The paper shall is using the models of disability as lenses of developing a comparative design of exploring and examining the implications and impacts of the differences in legal approaches to issues of disability in treaties of international human rights and those of international humanitarian law. The paper exhibits an innovative approach of using the theory of disability studies by correlating it in the context of treaties of public international law. That theory has been rarely constructed in the context of understanding the legal history of the sources used by public international law. The theory applied relates to models of disability such as; the Individual model, (ii) Medical model (iii) Charity/Tragedy model, Institutional /Rehabilitation/Consumer model, Social/ Social model /Social right based model. In that regard the paper is designed to demonstrate that a significant number of charted treaties mechanisms on human rights have shown a tendency of shifting towards to the social right based model of disability ever since the coming into force of the Convention on rights of persons with disabilities (CRPD).

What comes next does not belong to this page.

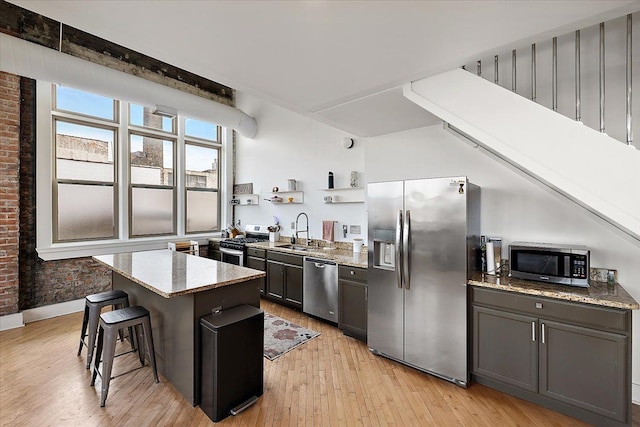 kitchen featuring light stone countertops, stainless steel appliances, a sink, a center island, and open shelves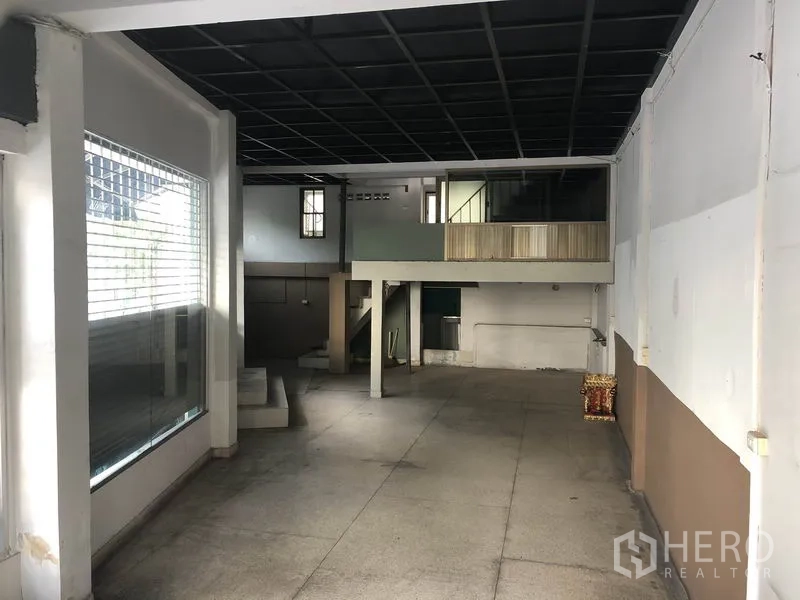 Retail Space for rent in Khlong Toei, Bangkok - Open-plan retail interior with high ceiling, mezzanine level, and large display window.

However the Geneva Convention (I-IV) and the Additional Protocols have hardly responded issues of disability in the same manner. The treaties of the latter are still perceiving disability through lenses of a medical model. They also associate disability to sickness, wounding and medicalisation, with less emphasis or clarity on aspects of inclusion in aspects applying the equal of fundamental guarantees or special considerations to the protection to objects useful for the continued or aftermath integration of civilians with disabilities. The paper uses the differences in the models to deconstruct a presumption that multilateral treaties for international human rights and international human rights are complementing each other during armed conflicts.

Item Type: Conference or Workshop Item (Speech)
Date Type: Completion
Status: Unpublished
Schools: Law
Cardiff Centre for Ethics, Law and Society (CCELS)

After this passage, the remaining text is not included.